Alasdair Gray, the infamous Scottish writer, is perhaps best known for his epic first novel Lanark, which was described as 'one of the landmarks of 20th-century fiction' by the Guardian. It is therefore surprising perhaps that this event is in a sense not at all about Gray’s own work. A while back, Alasdair Gray decided that he was going to make his own translation of Dante’s Divine Comedy; a task made rather difficult by the fact that Gray neither speaks nor reads Italian - the language in which the epic fable was originally written.

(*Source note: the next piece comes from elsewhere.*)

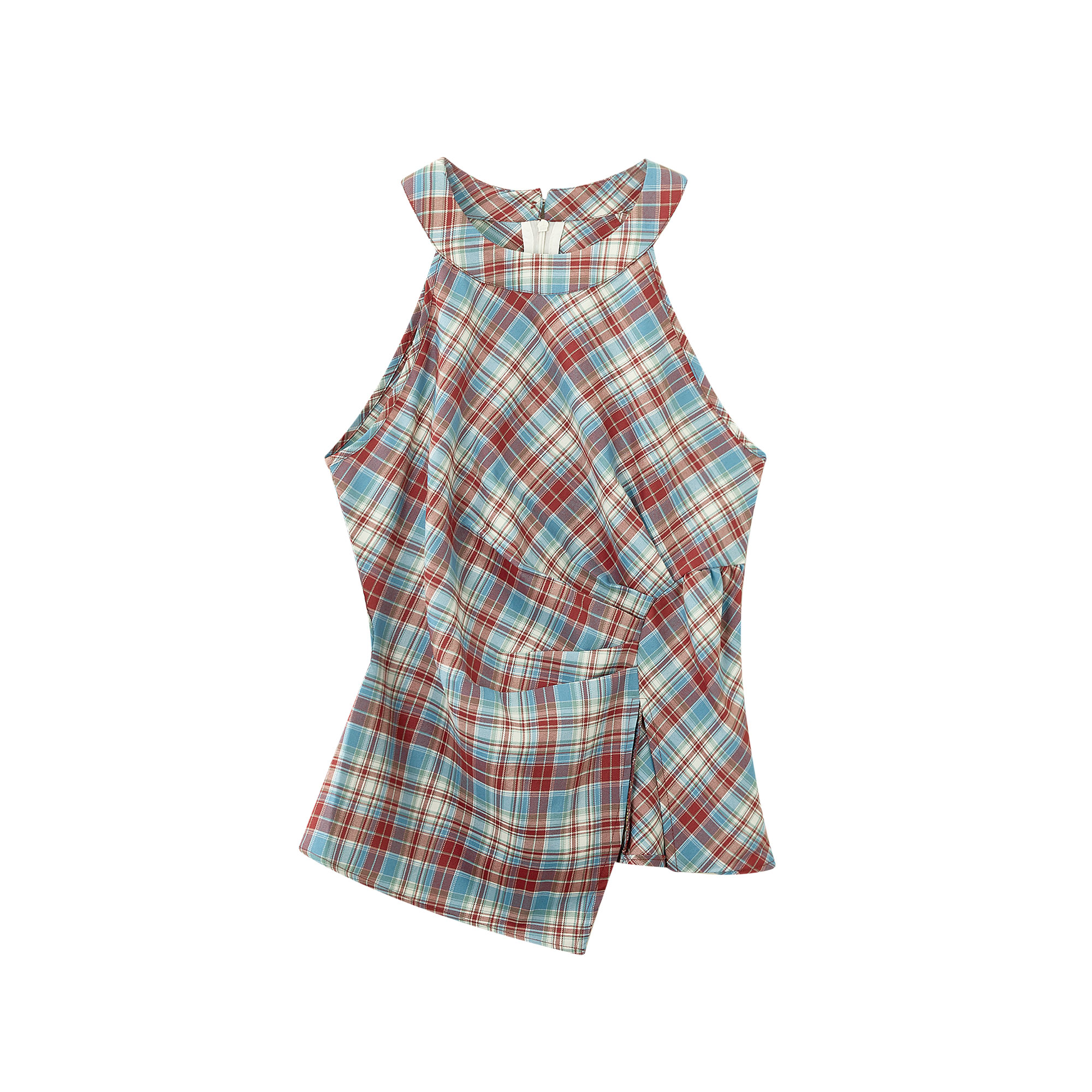 Trendy Plaid Irregular Summer Tank Top for Women - Vacation Style Fashion 2025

Alasdair Gray is joined by the BBC’s Head of the Arts, Jonty Claypole, to talk about this remarkably ambitious goal of his. With a gin and tonic in one hand and extracts from his project in the other, Gray reads to us from his translation of Hell - the first of the three cantos that make up the Divine Comedy. In his version - as is suitable for any work that Gray has laid his hands on - the monsters and creatures of Hell have all got Glaswegian accents, making this 14th-century fable strangely familiar to the people of Scotland.

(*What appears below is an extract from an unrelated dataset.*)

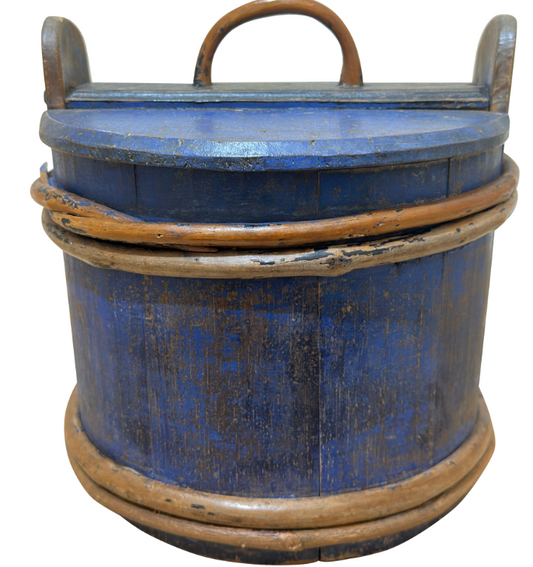 Rare and Beautiful 19th C Swedish Round Lidded Container in Wood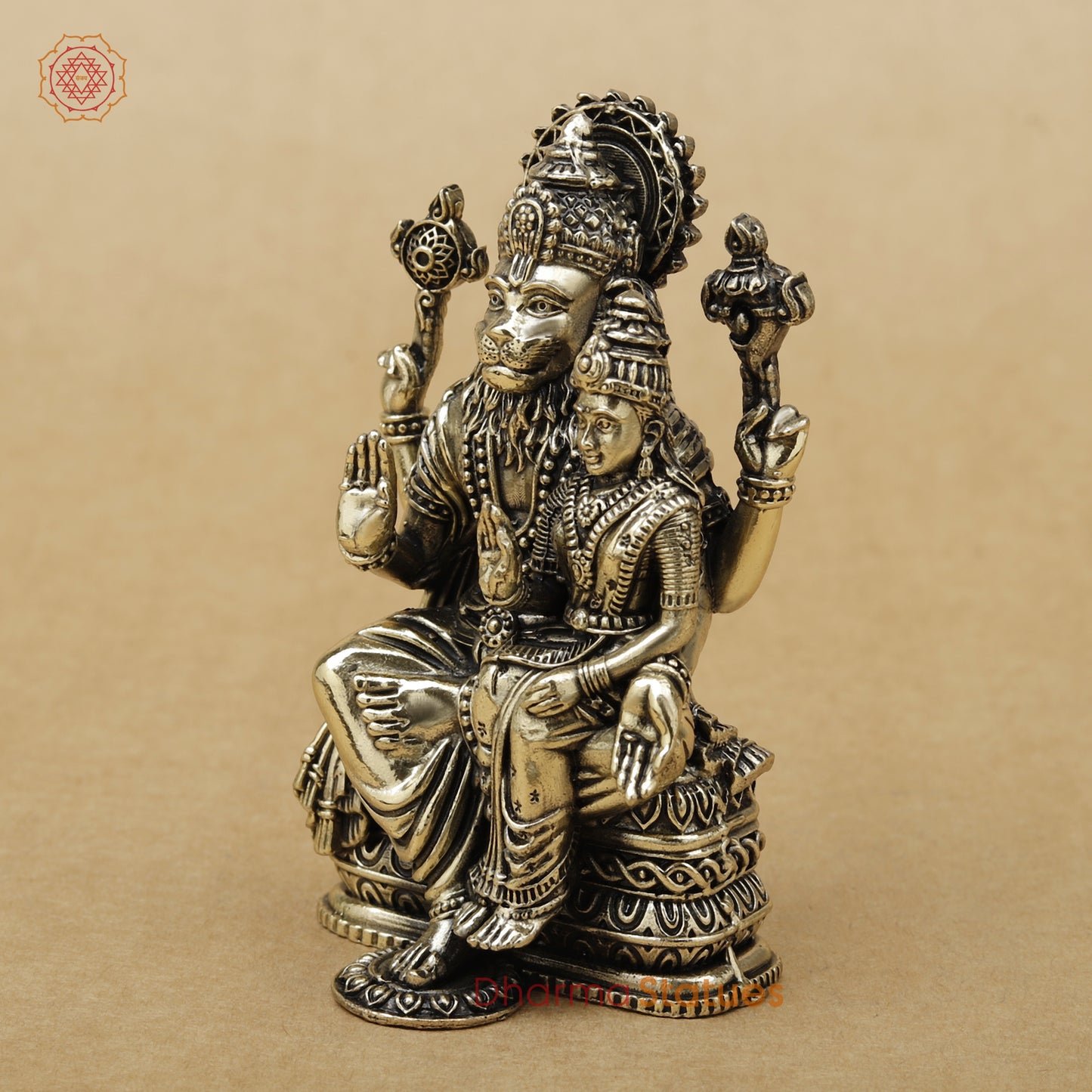Brass Narsimha Lakshmi Fine, 4"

Anyone who has seen Alasdair Gray in person knows that he is somewhat of an eccentric and being in the same room as him cannot be described as anything short of a pure pleasure. His readings are passionate and moving, leaving the audience baffled as the vivid images of Dante are transformed by the distinctive writing style of Gray.
Although Gray has a tendency to become a bit side-tracked when answering a question - in one way or another touching upon topics ranging from the Greeks and public libraries, to the Second World War and Pearl Harbor - one cannot help but be fascinated by the range of this man’s knowledge and, perhaps more importantly, his imagination. Jonty Claypole skillfully manages to guide his conversation back on track whenever things veer a little too far into leftfield and the two of them together manage to produce a satisfyingly full discussion within the single hour that they have at their disposal.
Gray’s translation of Dante’s Divine Comedy is currently being published in parts on his blog, making this ambitious project available for everyone to enjoy. The people attending the event at Hendrick’s Carnival of Knowledge got a wonderful first-hand preview and, complimentary cocktail in hand, enjoyed such a precious insight into a fascinating author.